> What you should do
All the data that follows should be repeated exactly, without a single picture.

> Information shown
○ ○ ○
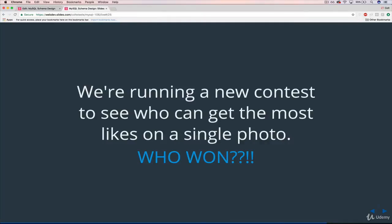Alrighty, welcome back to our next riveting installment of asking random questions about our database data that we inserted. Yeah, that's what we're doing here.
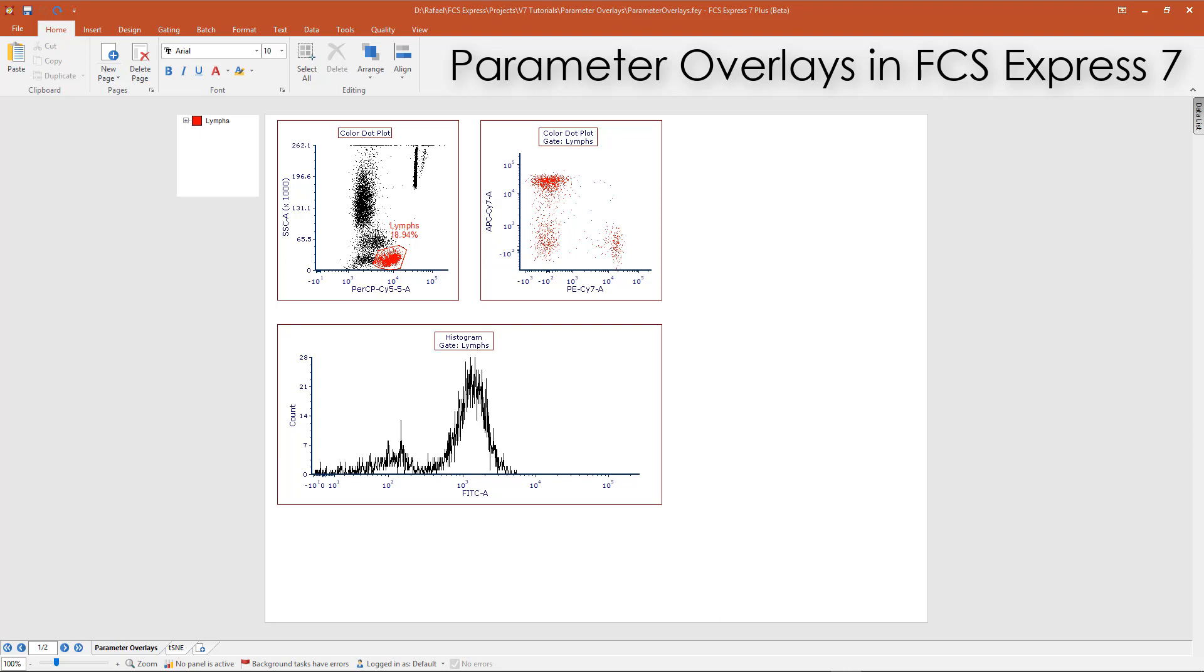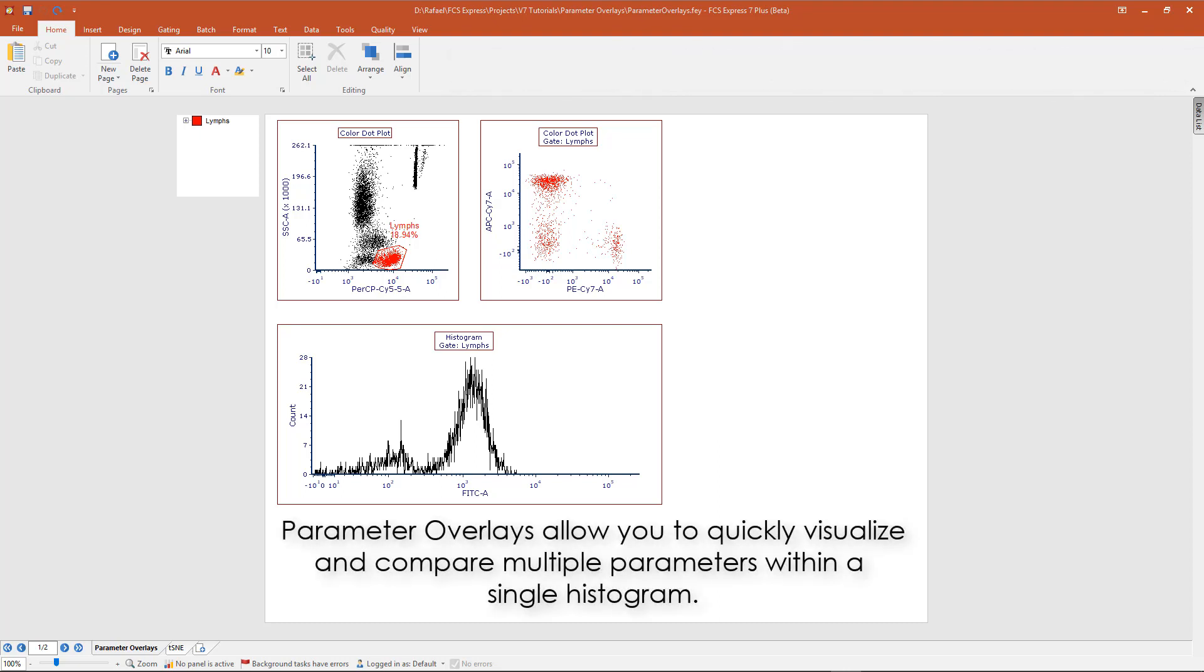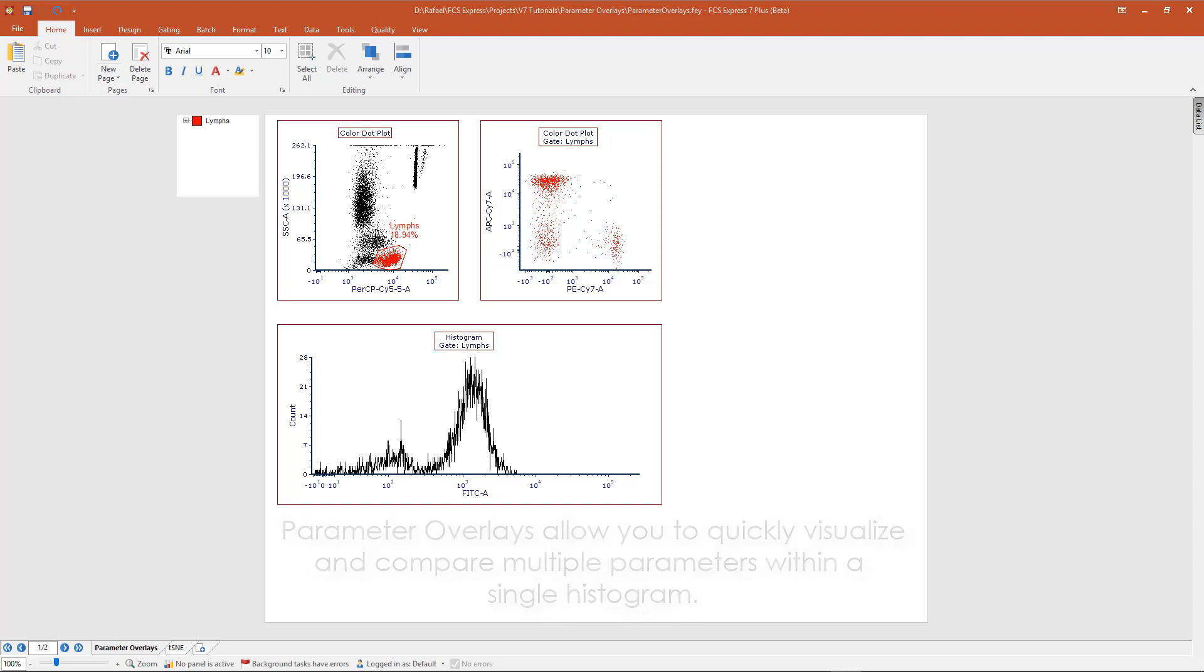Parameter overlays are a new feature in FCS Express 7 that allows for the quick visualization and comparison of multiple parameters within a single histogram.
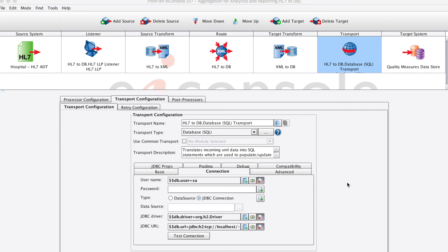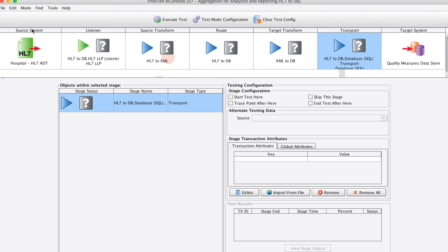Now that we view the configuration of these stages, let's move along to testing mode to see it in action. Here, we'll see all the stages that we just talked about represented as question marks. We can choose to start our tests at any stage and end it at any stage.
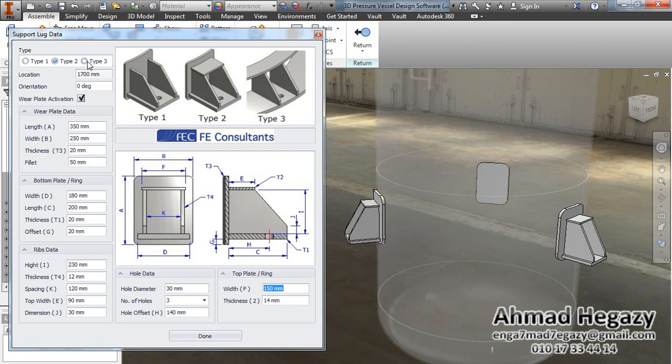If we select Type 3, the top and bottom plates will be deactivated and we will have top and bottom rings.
○ ○ ○
> Response box
Alrighty, welcome back to our next riveting installment of asking random questions about our database data that we inserted. Yeah, that's what we're doing here.
Parameter overlays are a new feature in FCS Express 7 that allows for the quick visualization and comparison of multiple parameters within a single histogram.
Now that we view the configuration of these stages, let's move along to testing mode to see it in action. Here, we'll see all the stages that we just talked about represented as question marks. We can choose to start our tests at any stage and end it at any stage.
If we select Type 3, the top and bottom plates will be deactivated and we will have top and bottom rings.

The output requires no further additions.